Cela est bien meilleur pour vous, si vous saviez ! Puis quand la çalât est achevée, dispersez-vous sur terre et recherchez [quelque effet] de la grâce d’Allâh, et invoquez beaucoup Allâh afin que vous réussissiez. Quand ils entrevoient quelque commerce ou quelque divertissement, ils s’y dispersent et te laissent debout. Dis : “Ce qui est auprès d’Allâh est bien meilleur que le divertissement et le commerce, et Allâh est Le Meilleur des pourvoyeurs.” », s.62 Al-Joumou‘a (Le Vendredi), v.9-11.
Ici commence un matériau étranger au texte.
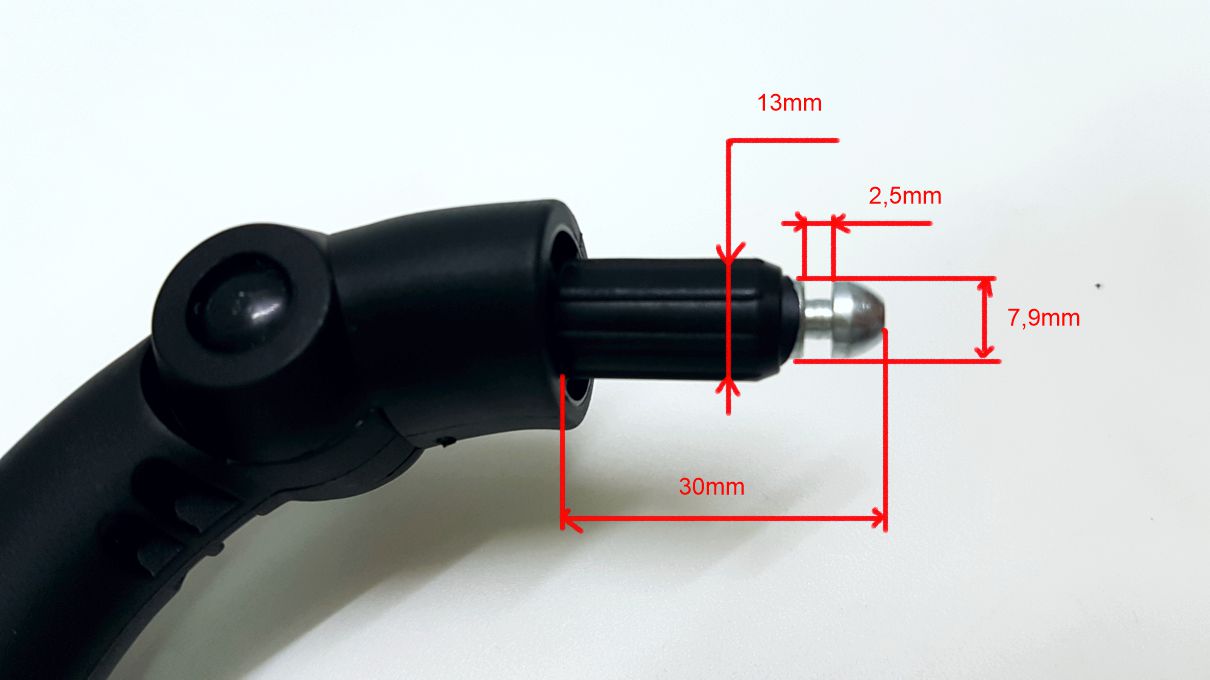 ND_madlo před dítě do kočárku rovné násuvné  madlo FX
Les conditions d’obligation

   Les circonstances qui rendent la prière publique du vendredi obligatoire sont au nombre de cinq :

1 – résider de manière permanente dans l’agglomération où s’accomplit la prière du vendredi ; cette office ne s’impose donc pas au voyageur, à moins qu’il n’envisage de rester quatre jours ou plus dans cette ville ;

2 – être libre ; les esclaves n’étaient pas tenus d’y assister ;

3 – être un homme pubère. La présence de l’enfant capable de se tenir correctement est recommandée pour qu’il s’habitue à ce culte ; il est permis à la femme d’un certain âge d’accomplir cette pratique ; concernant la jeune femme, sa participation est réprouvée ; quant à la femme dont la beauté risque de déconcentrer les hommes, sa présence est interdite. Ces avis ont été émis à une époque où les rangs de prière des femmes se trouvaient juste derrière ceux des hommes ; aujourd’hui, les orants et les orantes étant séparés, il n’y a aucun mal à ce que les femmes se rendent à la mosquée tant qu’elles observent la décence. Le Prophète  a d’ailleurs précisé : « N’empêchez pas vos femmes de se rendre dans les mosquées (pour prier), et leurs demeures sont meilleures pour elles (par rapport aux mosquées). » [Rapporté par Aboû Dâwoûd.]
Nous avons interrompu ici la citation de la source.